» Records for this task:
==============================
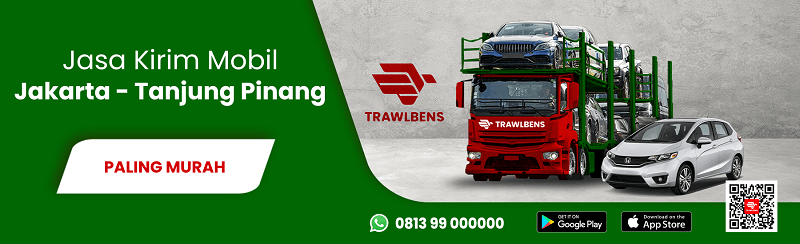 jasa kirim mobil jakarta tanjung pinang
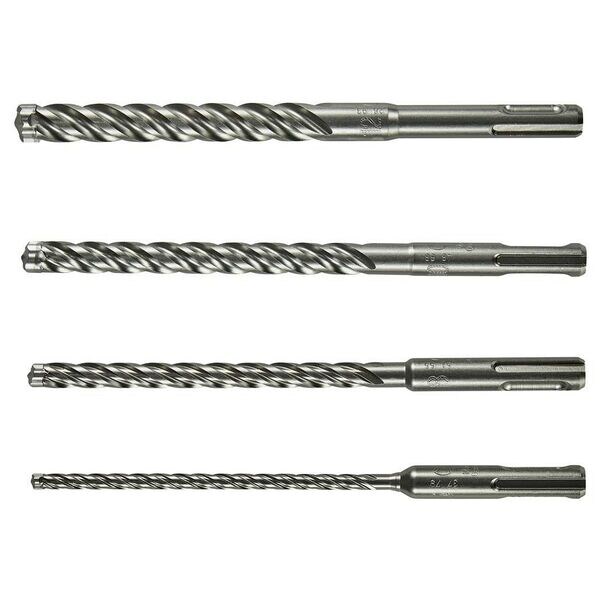 makita Bohrer-Set NEMESIS II SDS-PLUS 12-teilig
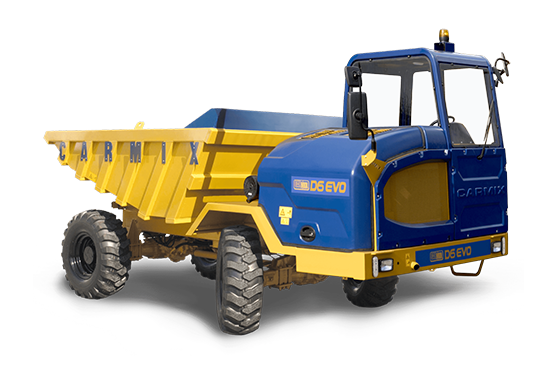 CARMIX DUMPER D6 EVO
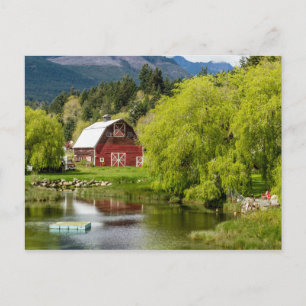 Summer on the Farm Postcard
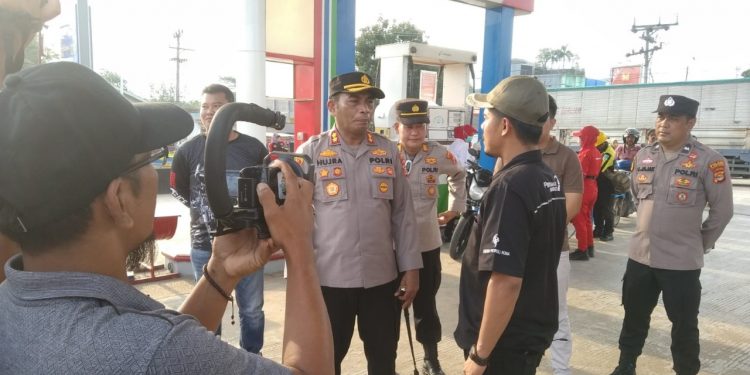 Pasca Pengumuman Kenaikan Harga BBM Subsidi, Polres Tulang Bawang Lakukan Hal Ini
==============================
Begin with the line holding "CARMIX DUMPER D6 EVO" and end with the last line of the listing. Reproduce each of those lines exactly, and leave every picture out.

» Written answer:
 CARMIX DUMPER D6 EVO
 Summer on the Farm Postcard
 Pasca Pengumuman Kenaikan Harga BBM Subsidi, Polres Tulang Bawang Lakukan Hal Ini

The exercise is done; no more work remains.